Sermon by Rev. Steven McClelland on 1 John 4: 7 – 21. Focus: We have replaced God with ourselves and we are reaping out own sinful behavior because we have failed to love as Jesus loved. The violence toward our own citizens by our own police is a sign of our national sin. Check out Rasaan Bourke & The First Presbyterian Church Choir as they sing: I’ve Got Peace Like a River.

It’s an interesting phenomenon that while we are one of the most connected generations of all time, we are also more isolated from those around us, more separated from friends, family, God, even ourselves, than any generation before us.

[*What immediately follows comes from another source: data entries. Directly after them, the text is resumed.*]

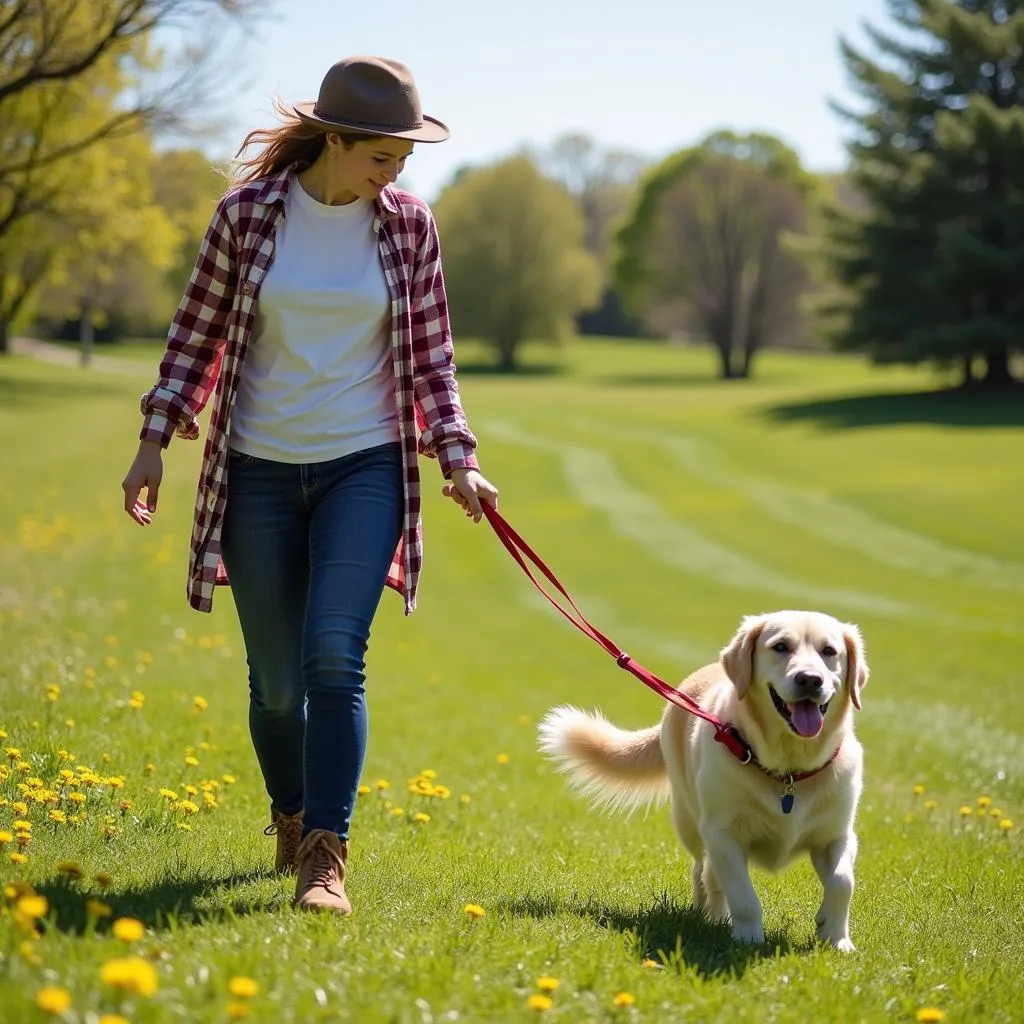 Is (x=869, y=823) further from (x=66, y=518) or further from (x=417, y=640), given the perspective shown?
(x=66, y=518)

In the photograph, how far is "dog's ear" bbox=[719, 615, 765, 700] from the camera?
15.4 feet

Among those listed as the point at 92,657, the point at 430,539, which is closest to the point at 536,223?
the point at 430,539

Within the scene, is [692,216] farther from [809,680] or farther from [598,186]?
[809,680]

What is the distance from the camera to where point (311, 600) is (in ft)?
13.8

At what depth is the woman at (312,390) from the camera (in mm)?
4332

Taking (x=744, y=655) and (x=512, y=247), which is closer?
(x=744, y=655)

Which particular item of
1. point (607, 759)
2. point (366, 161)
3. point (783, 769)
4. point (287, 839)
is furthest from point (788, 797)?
point (366, 161)

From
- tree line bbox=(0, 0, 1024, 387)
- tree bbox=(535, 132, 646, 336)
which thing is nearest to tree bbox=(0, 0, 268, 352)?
tree line bbox=(0, 0, 1024, 387)

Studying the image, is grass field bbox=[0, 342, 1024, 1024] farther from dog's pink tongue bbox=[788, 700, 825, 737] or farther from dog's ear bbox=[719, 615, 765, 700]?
dog's ear bbox=[719, 615, 765, 700]

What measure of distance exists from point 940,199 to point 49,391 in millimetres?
28781

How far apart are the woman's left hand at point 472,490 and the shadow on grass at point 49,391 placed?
37.7 metres

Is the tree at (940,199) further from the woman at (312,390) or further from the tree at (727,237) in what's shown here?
the woman at (312,390)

I don’t know if this is true but one article I read argued that for all of our connectedness through the social media world of Twitter, Facebook, Instagram, the lonelier we’re actually likely to be. Did I get any likes today? Did anyone comment on my post? So and so has far more likes than I ever get. You get the idea.

And I think the reason is that we tend to believe that we are alone and unloved in the world and our social media only helps reinforce that feeling in us, which in turn gives rise to the belief that the individual is the supreme entity in world. And in time this gives rise to the sociopathic narcissistically based belief that only the strong and powerful should survive. We see this expressed most clearly in the casual way in which we kill our own citizens for such infractions as failure to make child support payments.

We even see it at the level of the church where those churches still able to keep their doors open are hoping that the vultures who are circling their buildings don’t land too soon – say before they are actually dead. Sadly, as much as we might wish it were not true, in the church we are all too often guilty of “shooting our wounded.”

Our lesson from 1 John suggests that we look to a different source to meet our needs for love. John calls us to love one another based on the fact that God is love and is the source of love. More than that, John points to the ultimate demonstration of God’s love in Jesus. We call it the incarnation, the belief that in Jesus, God somehow came to walk in our shoes, to experience the fullness of our suffering, our struggles, and even our loneliness. Through this amazing demonstration of love, John says that we come to know and “believe in” the love God has for us (1 Jn. 4:16).

Now, I think that the theology of incarnation is important for understanding God’s love for us. But I doubt that most of us came to know and “believe in” God’s love for us through church dogma or doctrine. Rather most of us come to know and believe in God’s love because somebody at some point in our lives loved us and because of this human interaction we are able to love others – to pass it on.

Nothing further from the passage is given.